Potential Activities:

  1. Character Empathy Maps - maps to help students reflect on how each character may be thinking or feeling. They can extend the maps to understand their intent and the impact each character has on other characters and the events in the book.
  2. Identity Quotes - Select specific quotes from the text that are Andre’s words, words that others speak about Andre or his actions that demonstrate who Andre is as a human and how his humanity shapes or is shaped by the actions around him.
  3. Found Poetry - take specific words from a page (either through blackout or by pulling out) to create a poem that describes the themes and or character’s feelings in the book.
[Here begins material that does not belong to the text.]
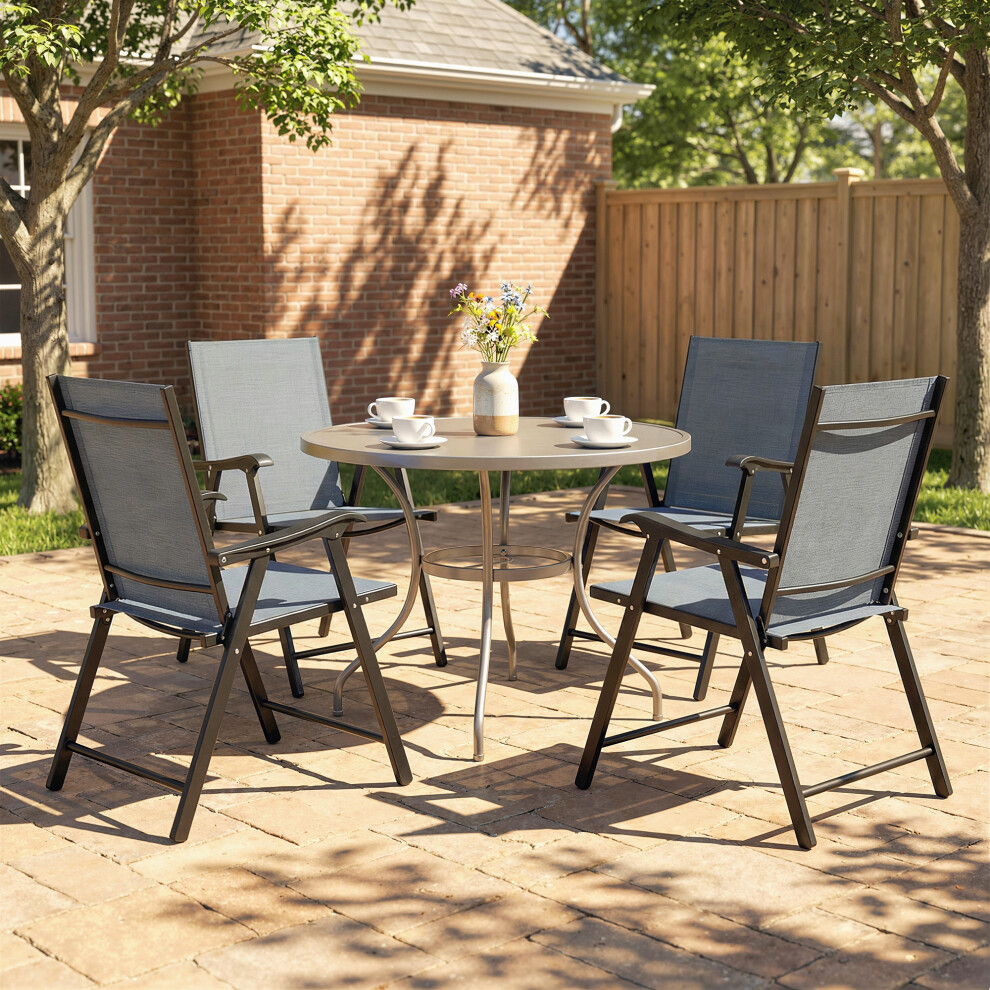 New Outsunny Folding Garden Chairs Set Of 4 With High Back, Armrests, Light Grey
  4. Literature Circles focused on Understanding Systemic Injustice - Jigsaw examples of injustices and talk about who was oppressed, who was the oppressor, and how the particular injustices relate to broader societal issues.
  5. Creative Writing - Letters to Andre or letters to those in power addressing issues that need to be changed (either from the book’s plot or in real life) Or create a fan fiction piece changing characters’ actions or outcomes (a What If…)
  6. Art Project -  explore protest art and/or music; create examples of a protest art or song or as a group project; create a mural or collage that represents the types of systemic injustices depicted in the book.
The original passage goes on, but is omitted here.